Dari
Puisi “Rindu” Nira Hingga Larik Religius Ala Alin
Oleh
Awan William
Prolog
Ketika ditawari untuk
berkomentar tentang 2 puisi karya dua dara ini, kegugupanlah yang pertama saya
rasakan. Karena hal ini merupakan kali pertama untuk saya mencoba menelaah karya
(puisi) kontemporer. Mengingat di jurusan, kita malah seringnya disuguhi
karya-karya dunia yang bisa dibilang tua (canonic). Sebuah penjejalan yang
membuat paradigma kita selalu berkiblat pada karya barat, yang kadang lupa
untuk berpijak pada karya local. Sedikit ironis, yang kadang terdengar sedikit
menggelitik karena seolah berpikir Barat, serta bangga dengan karya Barat, namun
malah membelakangi karya yang menjadi identitas kebangsaan kita.
Saya teringat sang paus
sastra, H.B Jassin,, “pelajarilah sastra dunia (Barat) untuk memahami sastra
lokal” dia berujar seakan berfikir visioner, bahwa memang kebanyakan para
apresiator, kritikus, dan akademisi sastra seolah bangga dengan gaya sastra barat-nya, namun
miskin pemahaman tentang sastra lokalnya. Paling idak gejala ke arah sana,
sedikit banyaknya sudah mulai terlihat di arena kampus kita (UIN), khususnya
jurusan yang mengkaji kesusatraan. Oleh karena itu, ketika ada dua sajak karya
dua dara UIN ini, ternyata celah apresiasi karya kita masih ada. Terlebih, paling tidak dua peyair ini seolah
mengkampanyekan eksistensi wanita dalam dunia kepenyairan yang masih sepi di
jamah kaum hawa.
Dalam dunia virtual jejaring
social, lelaki masih meraja dalam mengungkapkan kebebasan berekpresinya. Mereka
seolah berlomba “meng-ada” dengan ramai- ramai mengungkapkan keindahan,
kepedihan, sampai kegalauan mereka
melaui grup- grup yang biasa mem-postingkan karya sastra (baca: puisi).
Namun, dengan mulainya bermunculan para penyair (penulis) perempuan di UIN,
diharapkan setidaknya memberikan bibit minat pada bakat-bakat terpendam para
penulis perempuan lainnya di kampus ini. “kita
tidak menulis dan membaca puisi karena hal itu manis, tapi kita membaca dan
menulis puisi karena kita merupakan bagian dari ras manusia, sebab manusia itu
dipenuhi dengan gairah” begitulah kata Keating dalam “The Dead Poet
Society”.
Nada
Sendu Puisi Nira
Sebuah puisi memang tak ayal
merupakan sebuah ekspresi yang muncul spontan dari sang penyair sebagai reaksi
dari setiap gejala yang dialaminya, atau Wordsworth menyebutnya sebagai spontaneous overflow of powerful feeling. Perasaan
spontan yang berisi kepadatan makna-
makna yang perlu penafsiran pembacanya. Namun sebuah puisi terkadang memberikan
ruang abu- abu yang berisi ambiguitas makna, Yang menurut Rifaterre (1978: 2)

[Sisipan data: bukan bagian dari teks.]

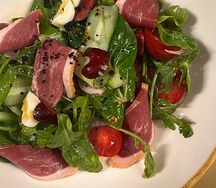 Салат с вяленой утиной грудкой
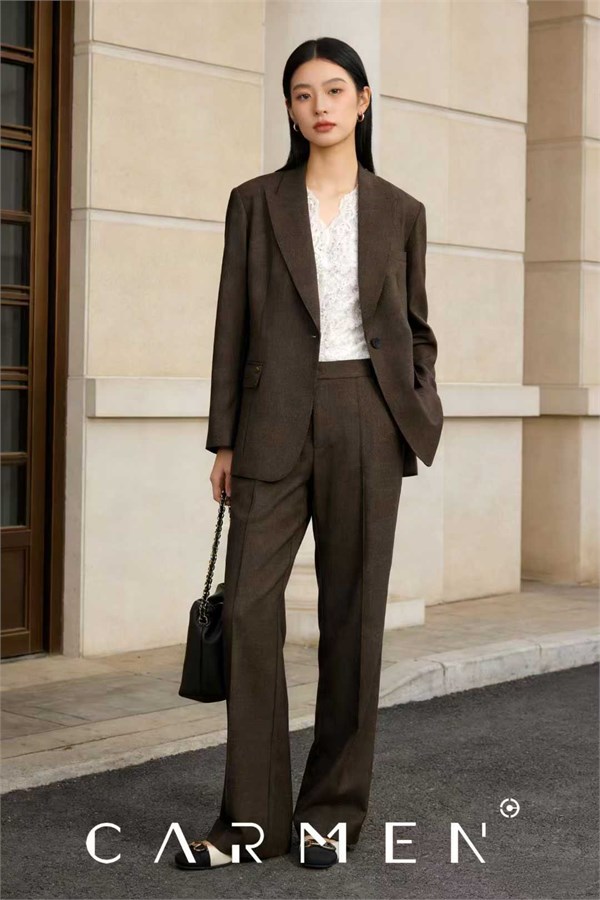 卡蔓2026春日序章：解锁小香风与经典的时尚密码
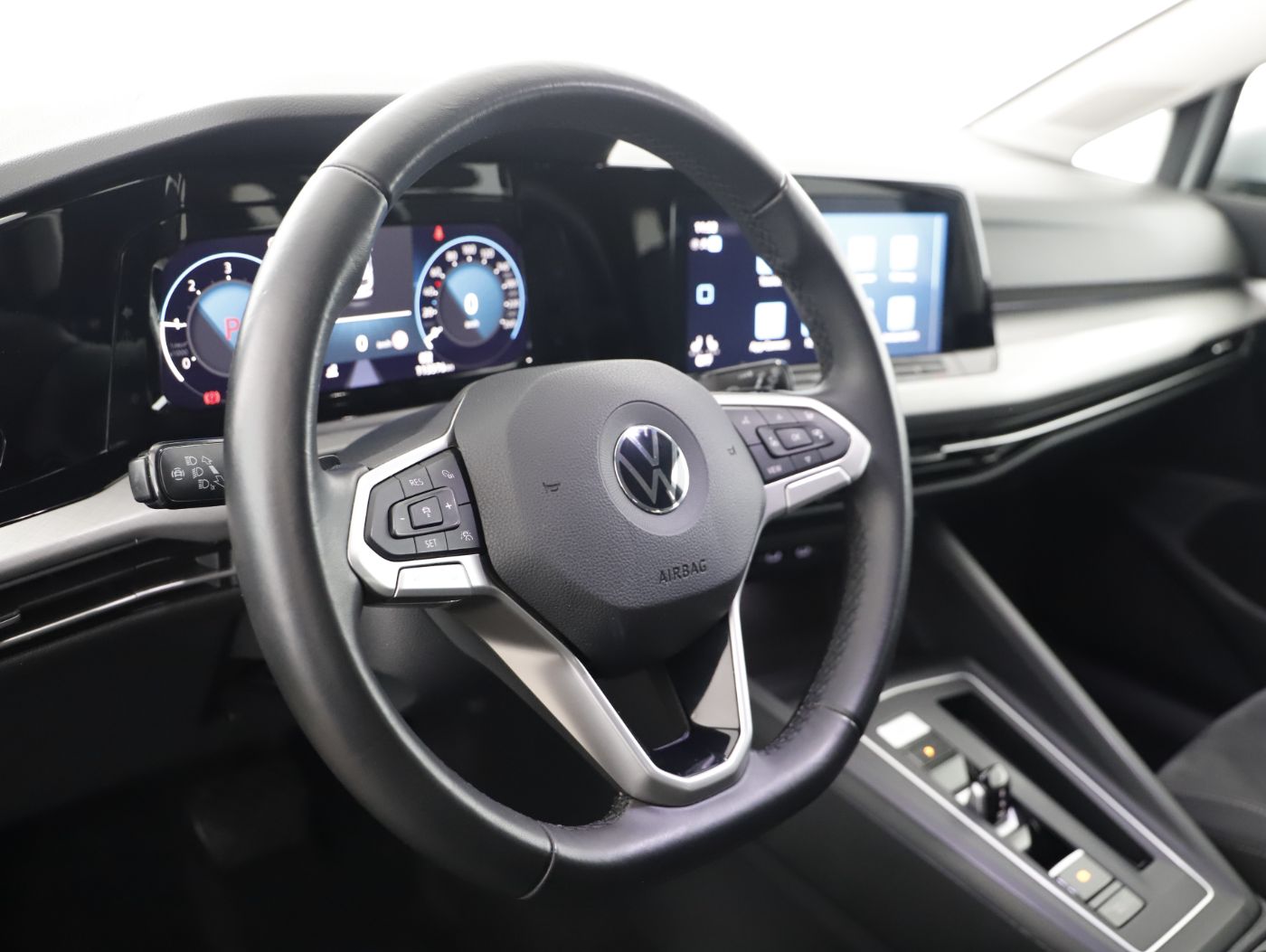 VW Golf VIII Var. 2.0TDI Life DSG | Bild 12 von 23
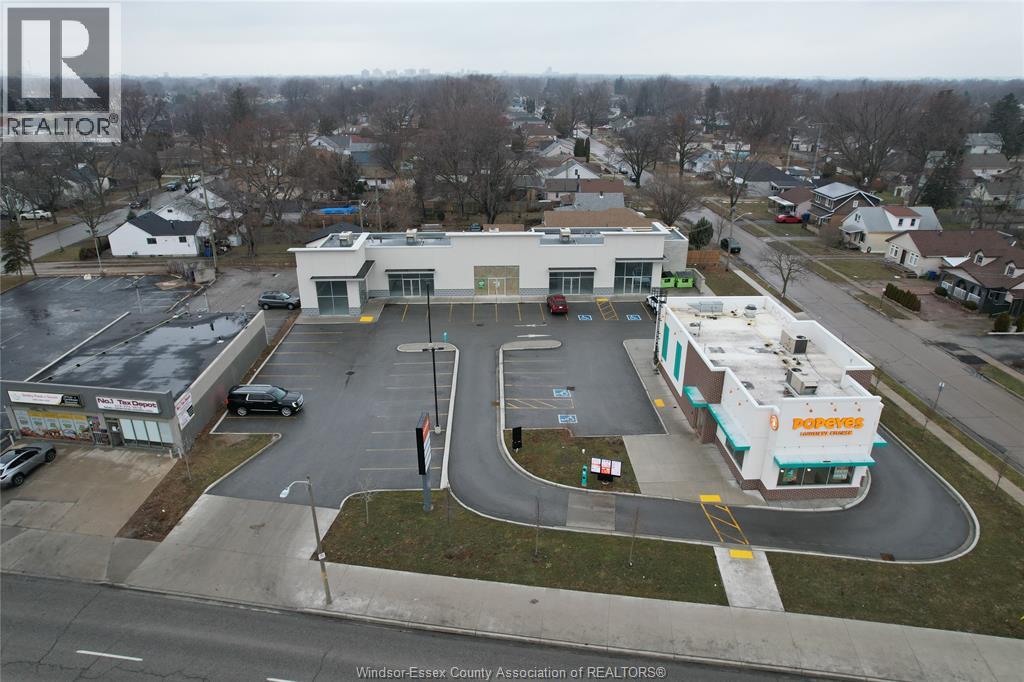 5188 Tecumseh Road East Windsor ON N8T 1C3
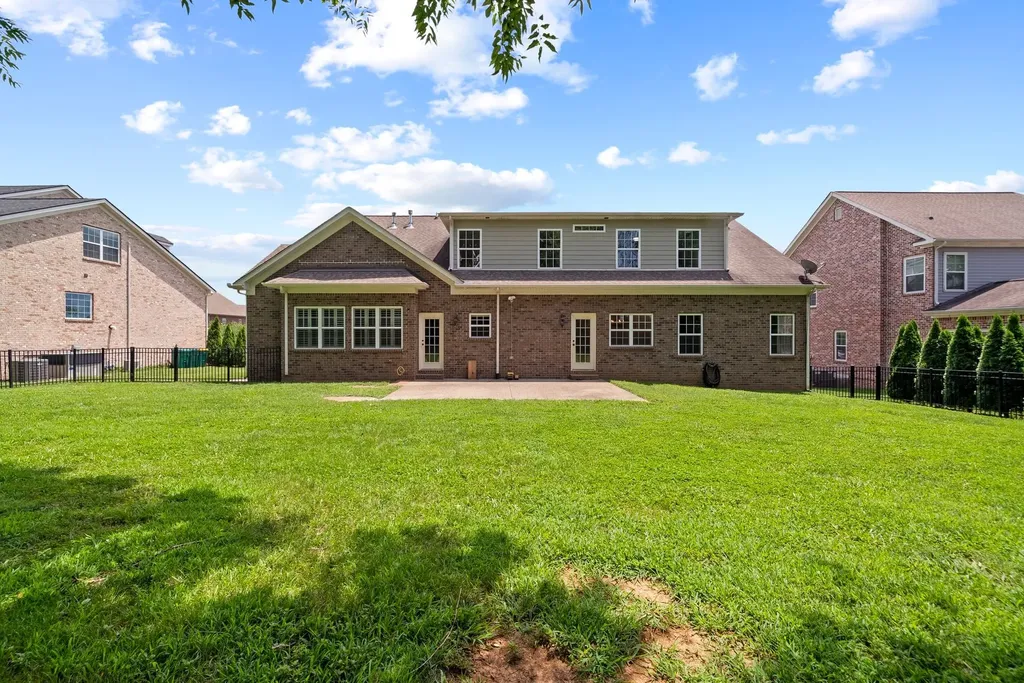 1387 Round Hill Lane Spring Hill TN 37174
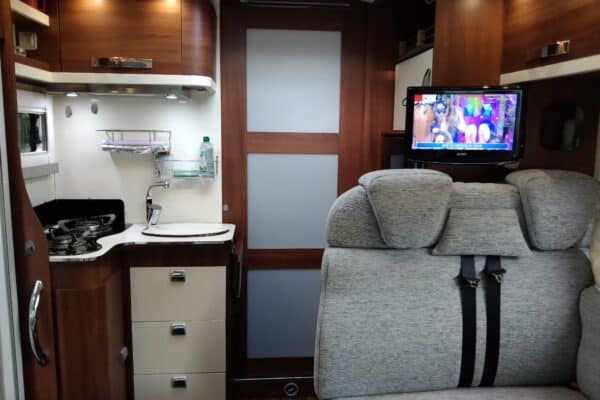 Innenansicht eines Wohnmobil mit Küche und télévision.
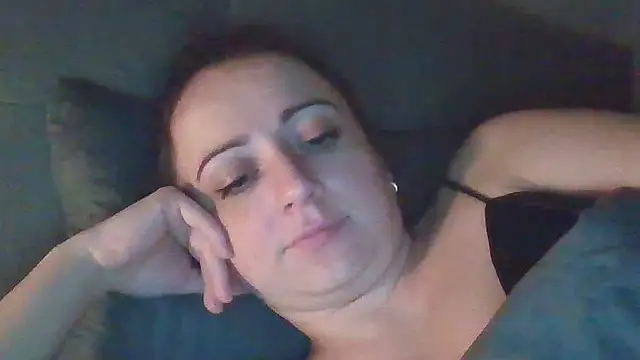 Snapshot of Avylith chatting on October 3, 2025, 11:24 pm Avylith online show from October 3, 2025, 11:24 pm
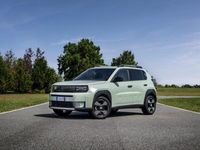 Nuova Fiat Grande Panda Icon 101 CV (74 kW) 2025 Bronzo metallizzato Utilitaria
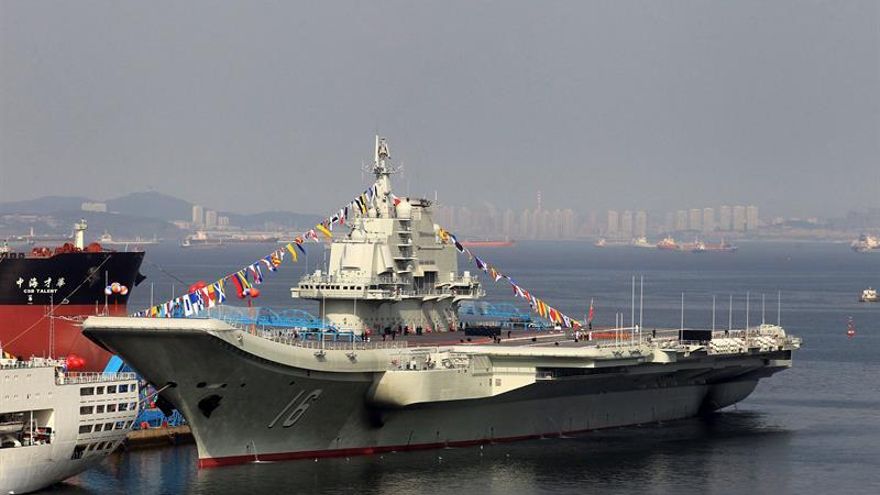 El portaaviones chino Liaoning atraca por primera vez en Hong Kong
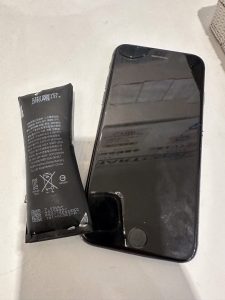 iPhone14ProMAXまでの修理は対応していますので、何かお困りの事がございましたら当店までご来店くださいませ！

iPhone15も修理ができるように頑張って参ります♪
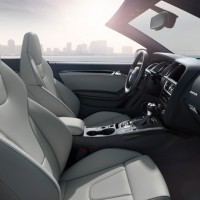 : Ауди RS 5 Кабриолет передние сиденья, руль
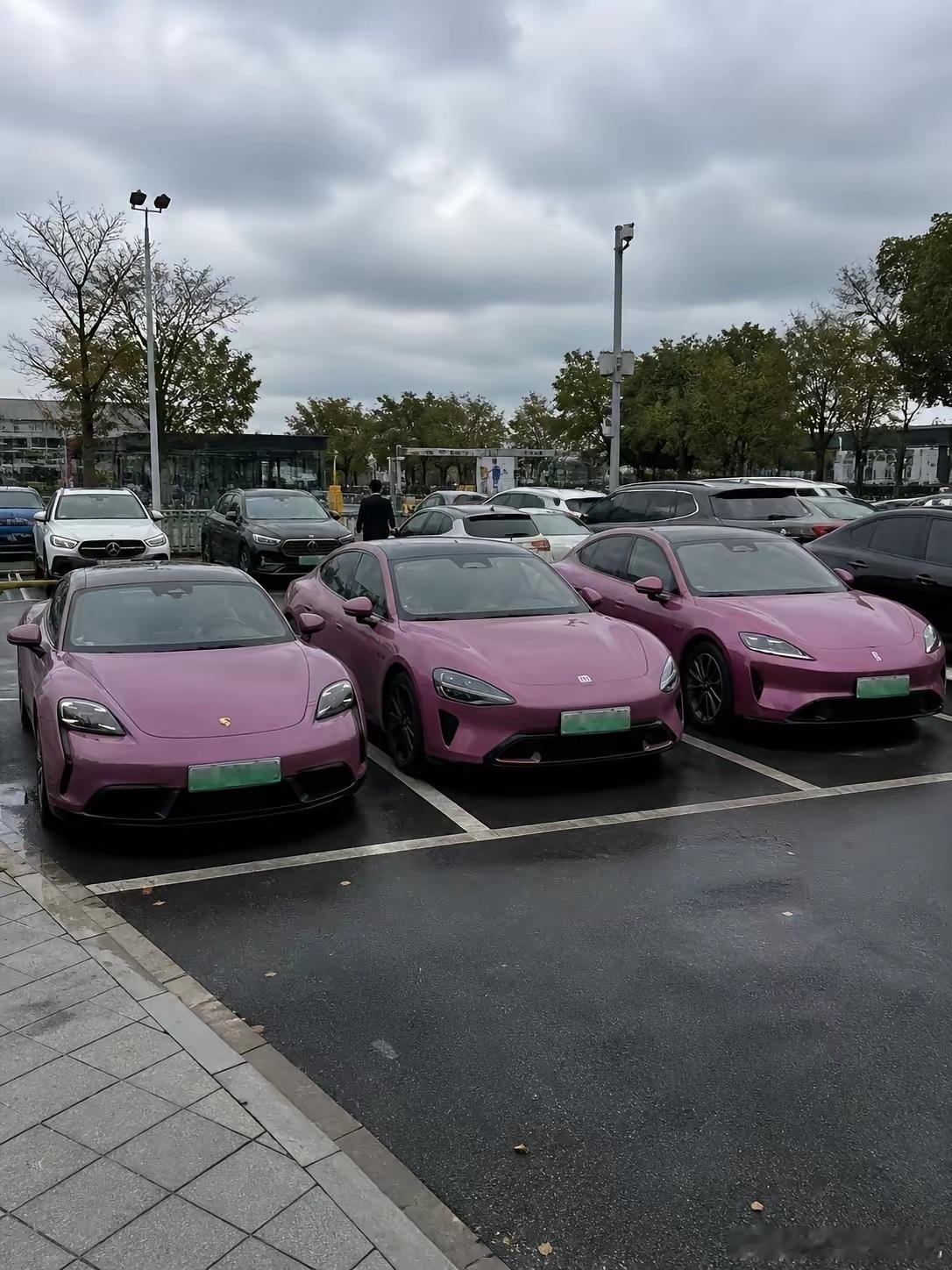天啊，另外两位车主会尴尬吗？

hal tersebut disebabkan karena penggunaan bahasa yang memiliki arti ganda
(polyinterpretable). Kegandaan itu bisa berupa arti sebuah kata, frase ataupun
kalimat dalam sebuah puisi. Terlepas dari itu, cara penggunaan bahasa figuratif
pada sebuah puisipun nyatanya memiliki andil dalam memberikan pemaknaan yang
optimal bagi pembacanya. Terutama metafore yang digunakan seorang penyair untuk
membangkitkan suasana yang dibangun dalam puisinya.
Sajak Nira yang satu ini
memberi penekanan pada emosi yang kuat sebagai sumber dari pengalaman estetika,
memberikan tekanan baru terhadap emosi-emosi seperti perasaan yang timbul ketika seseorang menghadapi yang sublim dari
alam. Suasana romantic yang dibangun sang penyair sudah dimulai dari diksi-
diksi yang dijadikan judul sajak ini. “Di antara gerimis Rindu” sebuah ekpresi
rasa dari si aku lirik yang di
kombinasikan dengan keadaan alam yang “gerimis”. Proses penggunaan metafore
yang memberikan kesan hiperbolik terhadap rasa rindu si aku lirik.
Selain terlihat dari judul yang disajikan,
paling tidak kerinduanlah yang menjadi tema utama pada karya Nira yang satu
ini. ada kurang lebih 4 kata rindu yang disajikannya, kata “rindu” hadir pada
setiap bait puisinya, terlebih penekanan tema kerinduan itu ditonjolkan pada
akhir baris sajaknya ini. “ Rindu kau seperti gerimis”. Suatu tema yang
diangkat ke permukaan, sebagai kesan tentang bagaimana rindu yang kuat
menggelayut di benak si aku lirik. Sebuah abstraksi rindu yang dijelmakan oleh
nira. Rindu menjadi sosok nyata yang dijumpai oleh si aku lirik. Rindu mempunyai ekspresi, dan berprilaku
layaknya sesosok manusia (lelaki). Bahkan si Aku lirik, menyapa si rindu nya
langsung, “ Hey Rindu aku di sini” sebuah sapa namun, hanya berisi kekosongan
atas ekpektasi terhadap balasan dari sang “rindu” itu.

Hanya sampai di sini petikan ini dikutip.